◆ Problem statement
Please output the lines from the one with "Mens Flamengo 2023/24" through the end of the data exactly as written, omitting all pictures.

====== Information shown ======

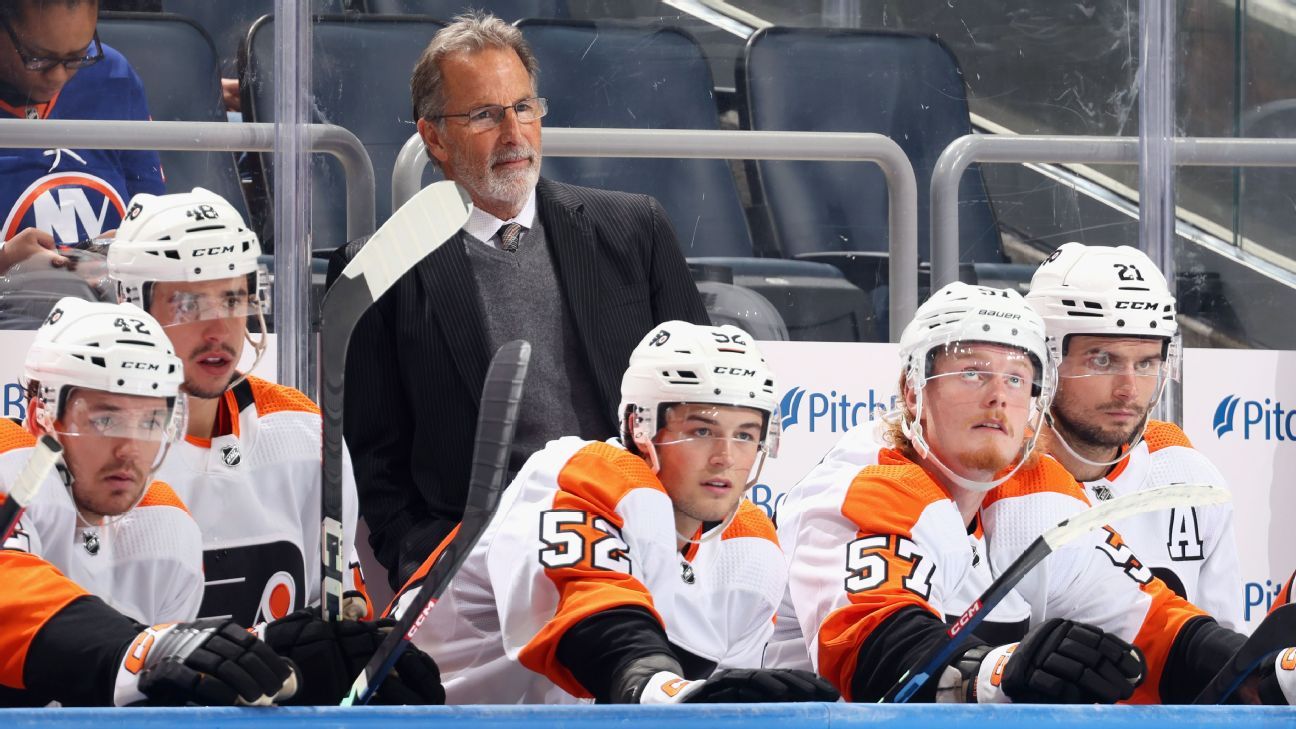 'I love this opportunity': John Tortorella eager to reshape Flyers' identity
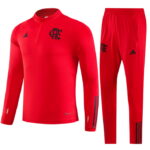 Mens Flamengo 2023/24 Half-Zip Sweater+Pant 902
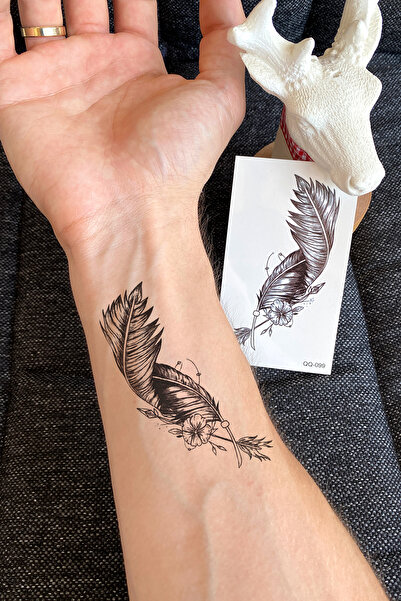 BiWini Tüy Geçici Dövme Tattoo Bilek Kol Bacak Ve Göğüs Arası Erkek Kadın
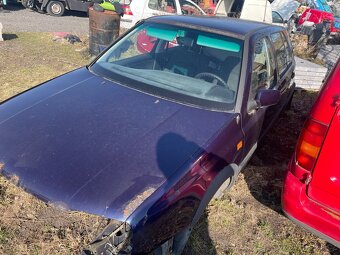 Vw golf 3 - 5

======

◆ Response to the task
 Mens Flamengo 2023/24 Half-Zip Sweater+Pant 902
 BiWini Tüy Geçici Dövme Tattoo Bilek Kol Bacak Ve Göğüs Arası Erkek Kadın
 Vw golf 3 - 5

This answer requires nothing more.